Statistical Analysis

With the realization that elemental fingerprints can be used very effectively to separate mixtures of fish coming from different sources, there is increasing demand for statistical software to separate the group mixtures. Discriminant analysis is not a good option here, since the 'priors' parameter is unknown. Here, we've released a working copy of two different methods for use in separating stock mixtures based on elemental fingerprints or other continuous or categorical variables.

A Bayesian stock mixture analysis (mix.Fish) which allows for the simultaneous analysis of both continuous (elemental) and categorical data (genetic, meristic) was described in Smith and Campana (2010). The mix.Fish R package (which includes a sample dataset) is available for free download and was written for R 3.0.1. Mix.Fish for Unix is also available. Installation instructions are provided.

The Integrated Stock Mixture Analysis (ISMA) program (written for the S-Plus environment) was first described in Campana et al. (1999). The ISMA function is a maximum likelihood-based method to analyze an unknown mixture given some known (reference) groups. Below you will find the ISMA function and a companion file which provides operating instructions.
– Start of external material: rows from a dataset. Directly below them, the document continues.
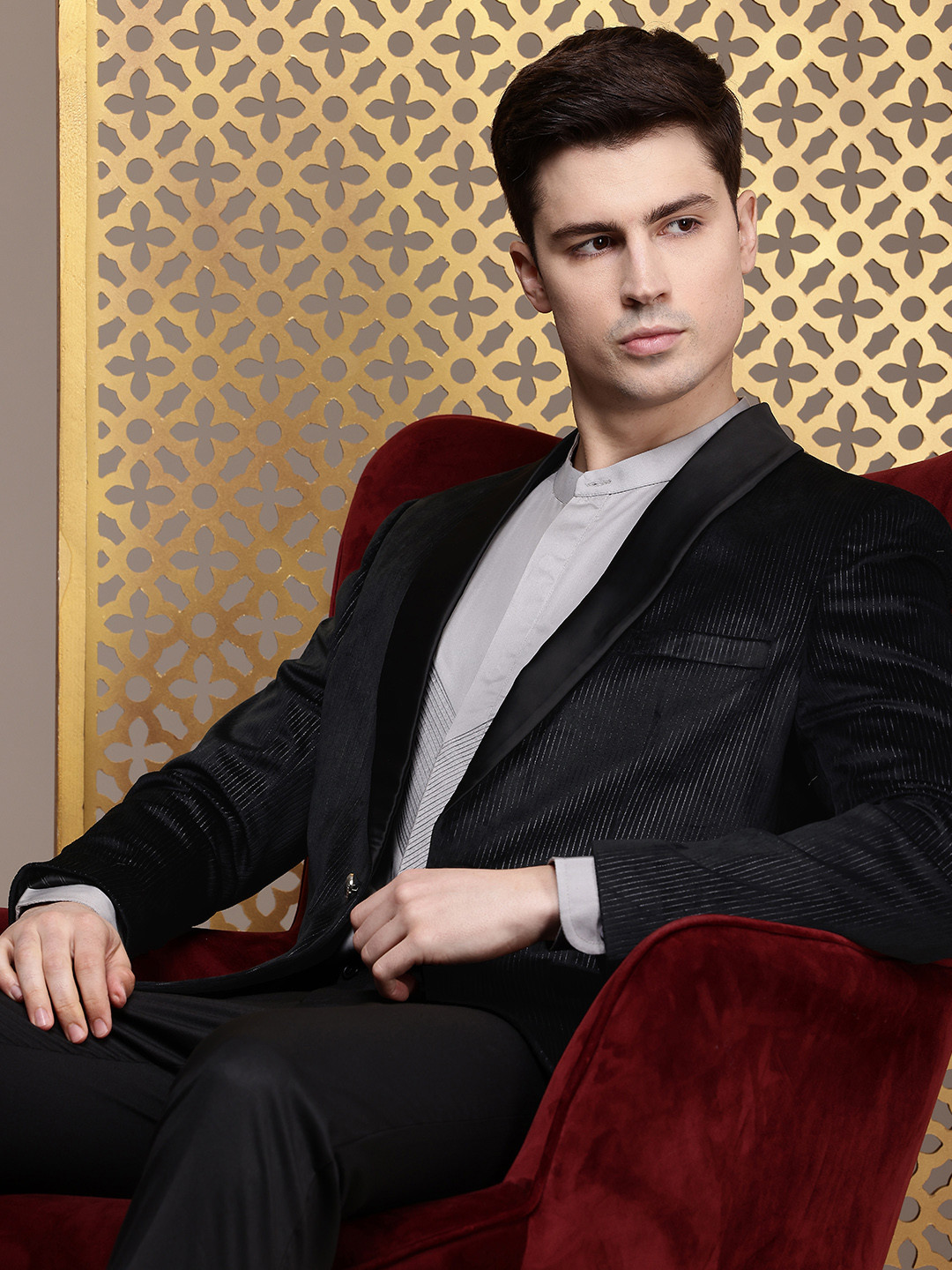 House of Pataudi Red Carpet Line Striped Shawl Collar Single-Breasted Velvet Finish Blazer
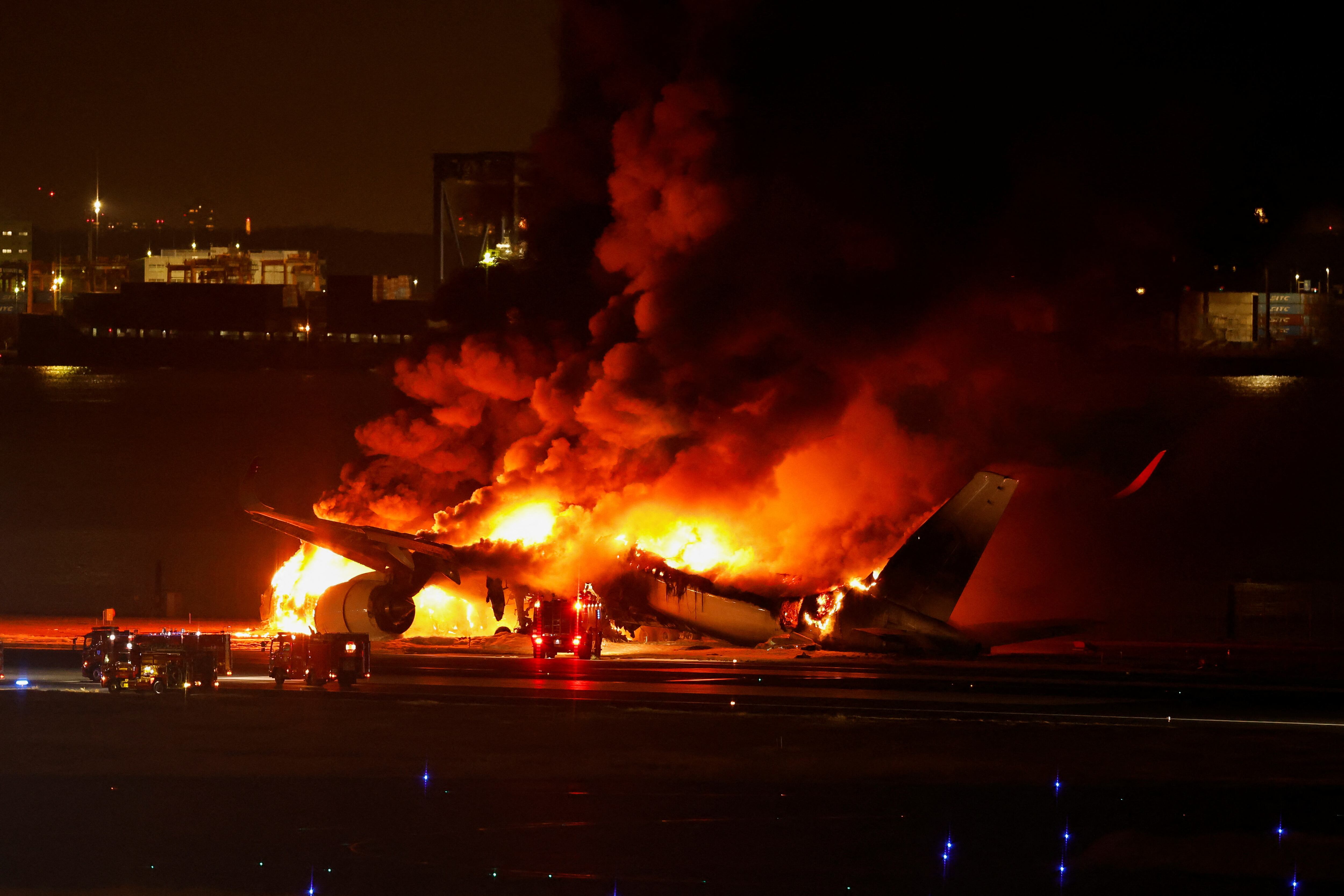  El aparato colisionó con otra aeronave de la Guardia Costera japonesa después de aterrizar en pista, según han informado las autoridades citadas por los medios locales.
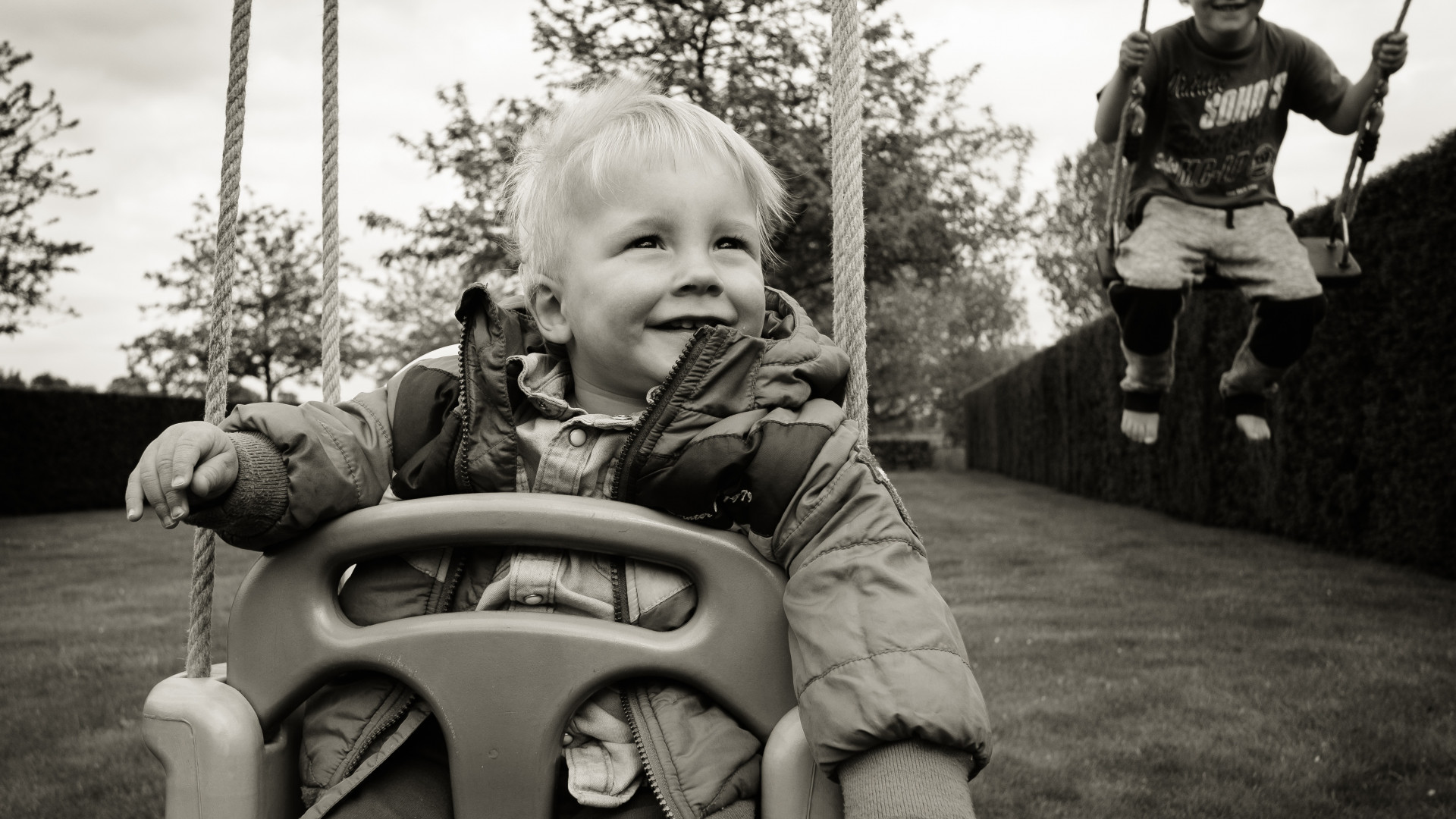 孩子总是喜欢摸“小鸡鸡”时，是家长对他们进行性教育的好时机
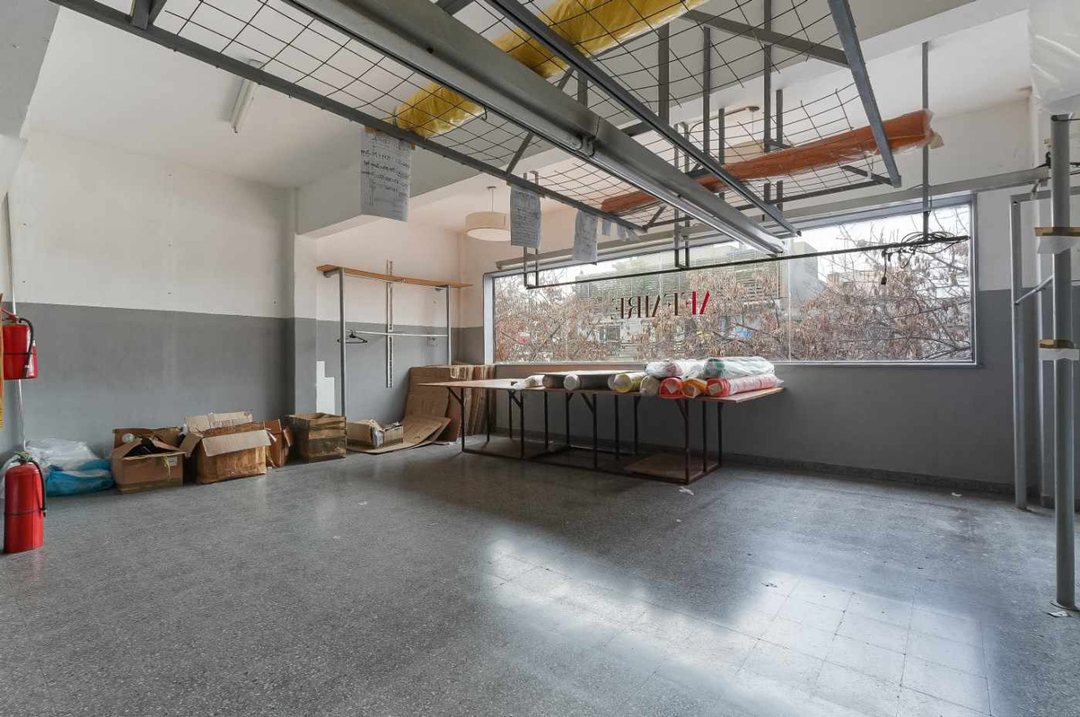 Oficina en Venta en Villa Crespo PB + 2 pisos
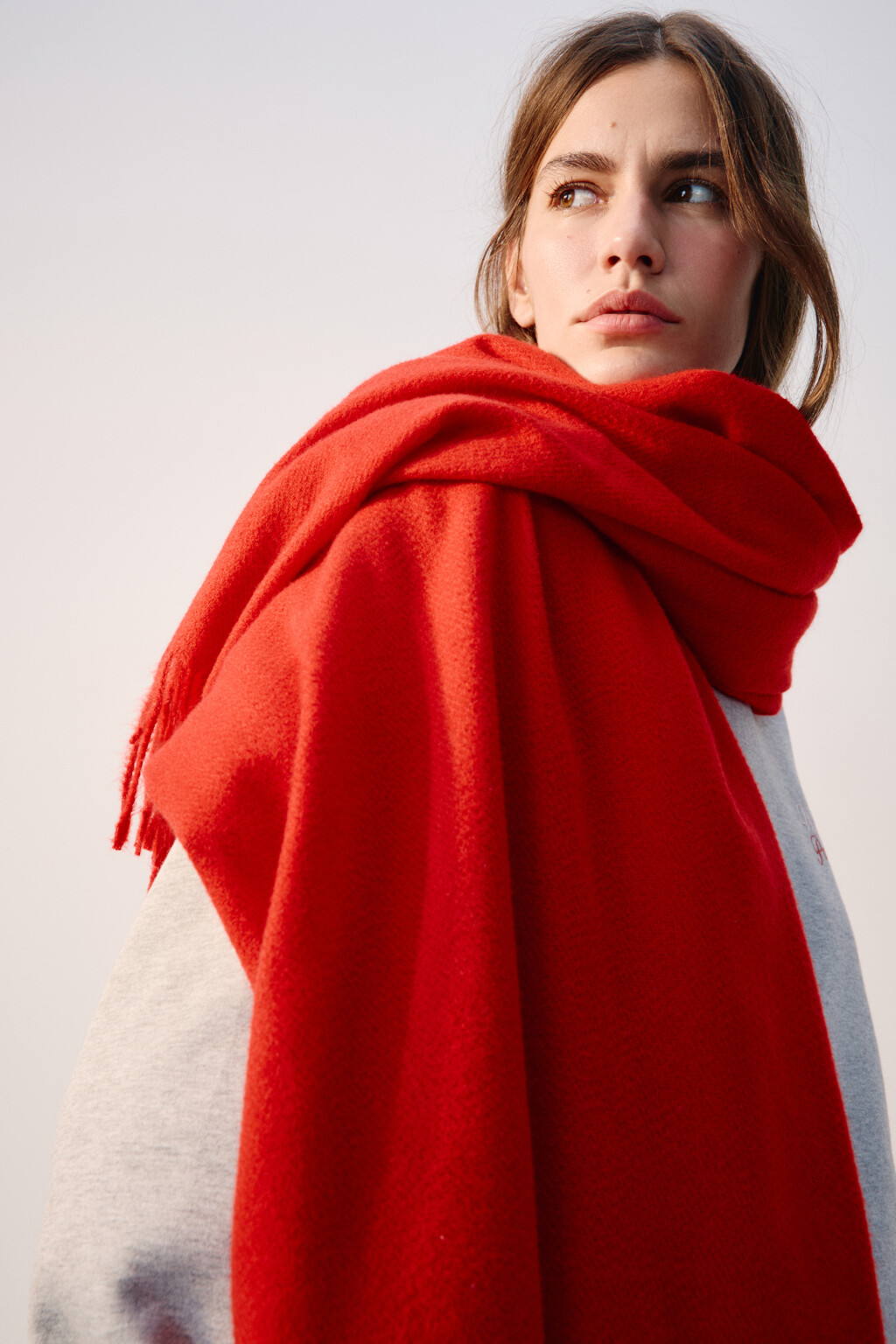 Шарф тонкий базовый с бахромой - цвет красный - 2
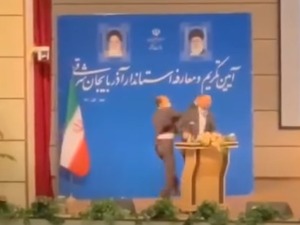 Инцидент за говорницом у Ирану, упао на бину и ошамарио гувернера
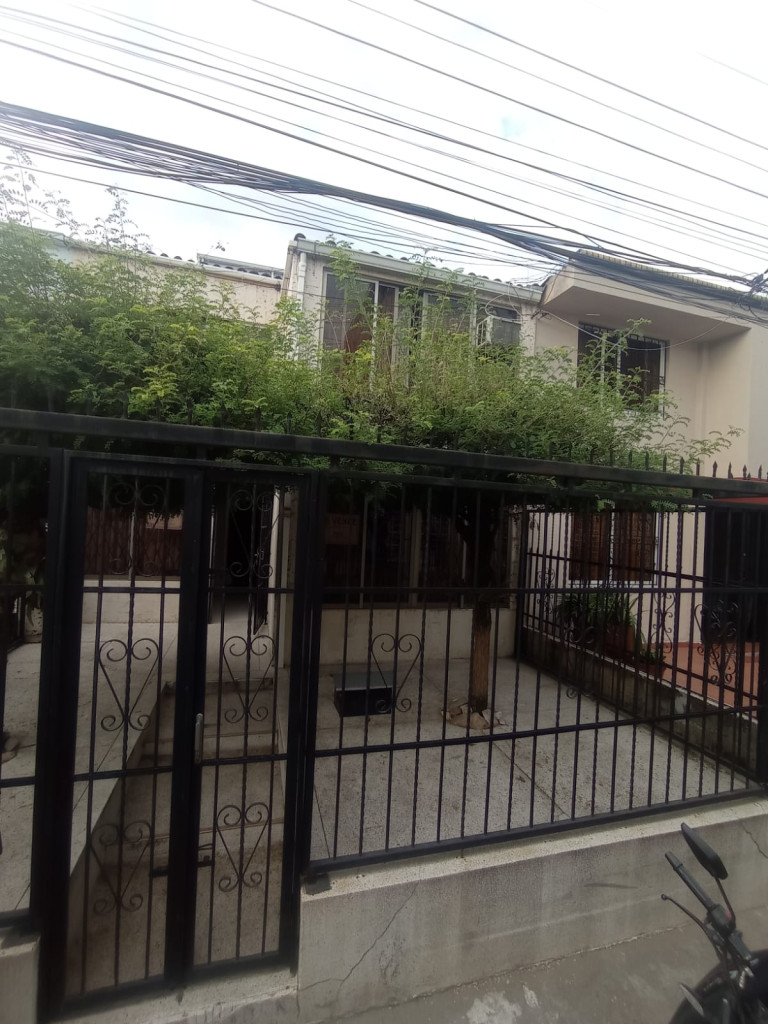 Casa En Venta - Álamos , Cali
To read the function into your Splus session, just enter the following: source("d:\\assess\\scaling\\ISMA.ssc") ... using your appropriate paths, of course.


ISMA instructions.ssc

Note that no matter which method is used for the stock mixture analysis, mixture analyses don't tell you if there are differences among your reference groups to start with. For this, a MANOVA or discriminant analysis is required. The more differentiated your reference groups are (based on the variables you use), the more accurate your classification of your unknown mixture will be.